By all appearances, an undeclared war against feminism has erupted in Mexico City, and leading the resistance to the women's movement is a woman.

Claudia Sheinbaum, who heads the government of Mexico City, has ordered the removal of a feminist monument – a statue of a little girl with a raised fist – installed last year to protest gender bias.

In its place, Sheinbaum wants to mount a statue honoring Indigenous women in Mexican history: a copy of a 15th-century statue unearthed by farmers in Veracruz last year titled "The Young Woman of Amajac."

At a press conference, Sheinbaum made her case for honoring indigenous women: "They are women who have historically fought for our country, and it is precisely the indigenous women who have had the least voice, who were the most discriminated against."

Gender bias

But wait.

Isn't that what the statue of a little girl is about: gender bias against those who have "the least voice" – in this case, little girls?

Mexico City feminists are outraged, calling the substitute monument a cop-out, a way to mitigate their complaint about present-day bias rather than those of the distant past.

In an interview with Courthouse News, the protesting feminists identified themselves only with their given names, presumably for fear of blowback in their workplaces.

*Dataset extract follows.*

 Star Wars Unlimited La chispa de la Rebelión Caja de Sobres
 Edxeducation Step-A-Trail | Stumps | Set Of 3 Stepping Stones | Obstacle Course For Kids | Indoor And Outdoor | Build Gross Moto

Manuela said the idea of a monument to indigenous women is a political ploy that would take all meaning from the current feminist movement.

Fernanda spoke of the site's significance for the monument, calling it "a site of living memory that embraces all the struggles of women, not just one person or group."

Erika echoed the sentiment.

"It's not about putting up a monument to worship the past, but to recognize the present fight."

Statistics support their view about present-day bias against women. Last year, the "Global Gender Gap Report" from the World Economic Forum in Switzerland showed that a gap between men and women exists in health, education, and job opportunities.

Improvements in the stats are reportedly occurring, likely owing to the many feminist protests in recent years.

You may recall a column I wrote last year that talked about Mexico City's effort to replace a statue of Christopher Columbus with a monument to edify indigenous women.

The problem with that effort was that the city chose a male sculptor (Pedro Reyes) for the job, causing an outcry from feminists.

That outcry raised the question; do you have to be a woman to do women justice? As I noted, the answer is standing in a London Park – the statue honoring Mary Wollstonecraft – said to be the "mother of feminism" – without a stitch. The sculptor was female: Maggie Hambling.

Age of innocence

But here's the thing. The statue that Sheinbaum wants to get rid of isn't some raging activist that could upset the status quo or antagonize men fearing women battling the world for their fair share.

We're talking about a statue of a child, a little kid made even smaller by the outsized height of its pedestal – left over from the dethroned statue of Columbus. Hardly war mongering.

The figure of the girl comes across like the imp in the children's book series "Eloise," who lives on the "tippy-top floor" of New York's Plaza Hotel with her dog Weenie.

The statue also conjures up Fearless Girl, the bronze of a small girl in a defiant pose installed on Wall Street to protest gender bias in the boardroom.

Come on, Sheinbaum, if you want something neutral, it's already in place.